The response rates for the EGFR group compare favorably with historical ORRs in this population, Heymach said in presenting the data at IASLC 2018.
“These results add to a growing body of evidence supporting the role of poziotinib in patients with EGFR and HER2 exon 20 mutations, and are a real advance for these patients for whom no targeted therapies have been effective so far,” Heymach said in a press release.4 “I am highly encouraged by these results and the evolution of poziotinib data. Our study is the single largest data set in this high unmet need patient population.”
In terms of adverse events (AEs), Heymach said that “EGFR-related toxicities (including rash, diarrhea, and paronychia) were manageable and required dose reductions in 60%. Discontinuation due to poor tolerance was rare (3%).”
In the safety population of 63 patients, the most common all-grade treatment-related AEs included diarrhea (69.8%), oral mucositis (69.8%), paronychia (60.3%), and dry skin (58.7%). The most frequently observed grade 3 or 4 AEs included diarrhea (17.5%), skin rash (34.9%), paronychia (9.5%), and nausea (7.9%). No grade 5 AEs were reported.
The ZENITH20 study is rapidly recruiting participants, prompting Spectrum Pharmaceuticals, the company developing the drug, to expand the trial’s scope in July with 3 new cohorts.1
Cohorts 1 and 2, which are now closed to enrollment, have each recruited 87 previously treated patients with EGFR and HER2 exon 20 insertion—mutated NSCLC, respectively. Cohort 3 is assessing poziotinib in treatment-naïve patients with EGFR exon 20 insertion—mutated disease, while cohort 4 is evaluating the agent in treatment-naïve patients with HER2 exon 20 insertion—mutated NSCLC.
Cohort 5 is accruing previously treated and treatment-naïve patients with NSCLC who have EGFR or HER2 exon 20 insertion mutations. This fifth cohort will function as an “overflow cohort” for cohorts 1 through 4, according to Tchekmedyian.
Cohort 6 encompasses patients with NSCLC with classical EGFR mutations who have experienced disease progression while receiving first-line osimertinib. Finally, cohort 7 is accepting those with previously treated locally advanced or metastatic NSCLC with less common mutations in EGFR or HER2 exons 18 to 21 or the extracellular or transmembrane domains.
A potential role for poziotinib in the resistance setting is an “exciting development,” Jeffrey Clarke, MD, said in a press release. “With increased use of osimertinib as the treatment of first-line NSCLC patients with classical EGFR mutations, the emergence of osimertinib resistance is a growing occurrence in this setting,” said Clarke, assistant professor of medicine at Duke University Hospital/Duke Cancer Institute.
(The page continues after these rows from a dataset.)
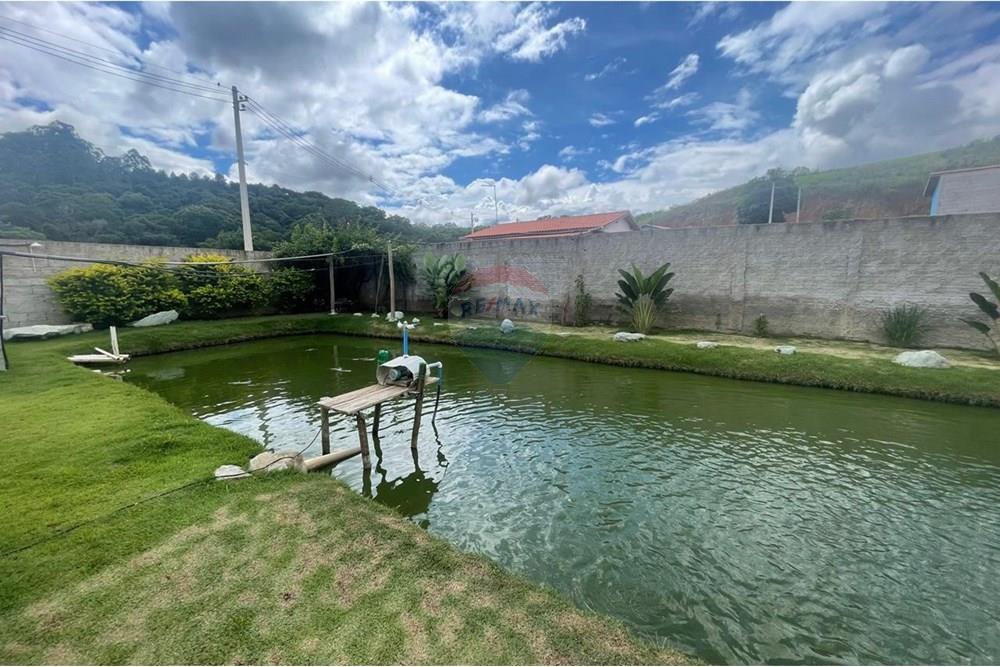 Chácara à venda com 3 quartos, 200m² - Foto 7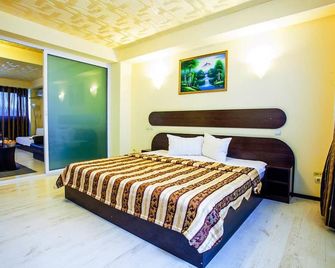 Hotel Charter Otopeni - Otopeni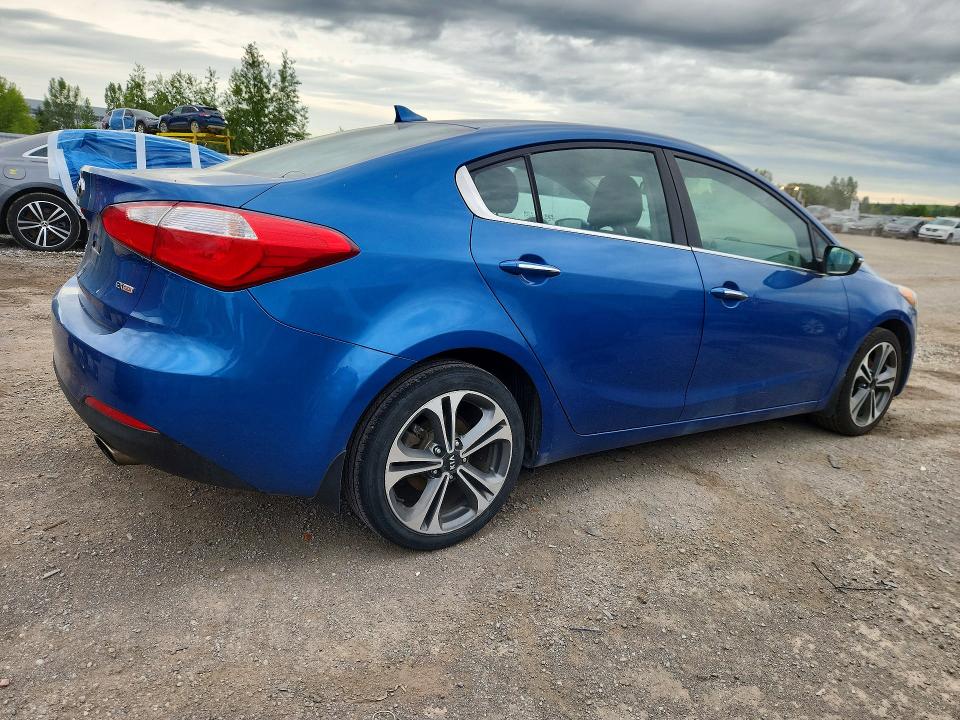 2014 Kia Forte VIN KNAFX4A80E5176071 COPART salvage auction — REAR END, ON - PERMIT NO BRAND - UNFIT, sold $725 on 2026-07-28 (photo 3)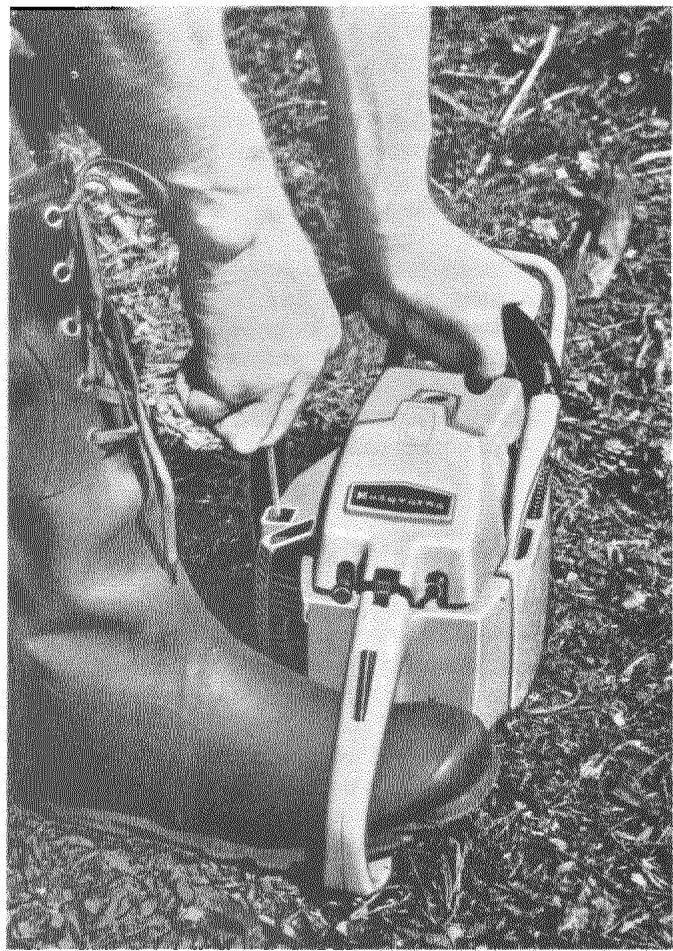 HUSQVARNA CHAINSAWS - Hot engine - 2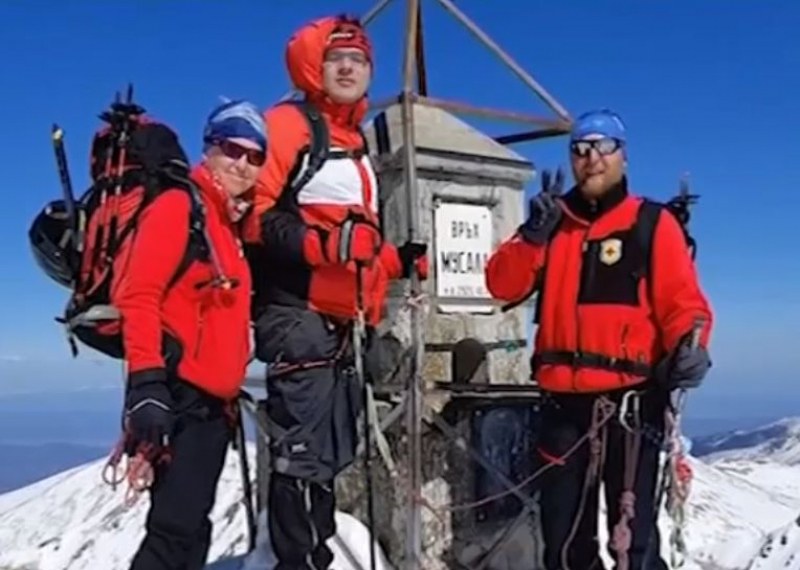 Доброволци помогнаха на незрящо момче да изкачи връх Мусала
“One resistance pattern that is emerging is through the development of an additional EGFR mutation and recent preclinical publications suggest that poziotinib may be active against EGFR-dependent resistance mechanisms,” he said.
ZENITH20’s primary endpoint is objective response rate; secondary endpoints include disease control rate and duration of response. Topline results from cohort 1 are expected later this year, the company said.
Tchekmedyian said that poziotinib’s mechanism of action may cause the agent to be effective in other malignancies in which patients harbor EGFR or HER2 exon 20 insertion mutations.
“There may be a subset of lung cancer that is driven by these mutations that is the same as a subset of colon cancer or of pancreatic cancer, for instance,” Tchekmedyian said. “We might have the opportunity to identify patients with EGFR and HER2 exon 20 insertion—mutated cancers in general to impact those small subsets in a meaningful way.”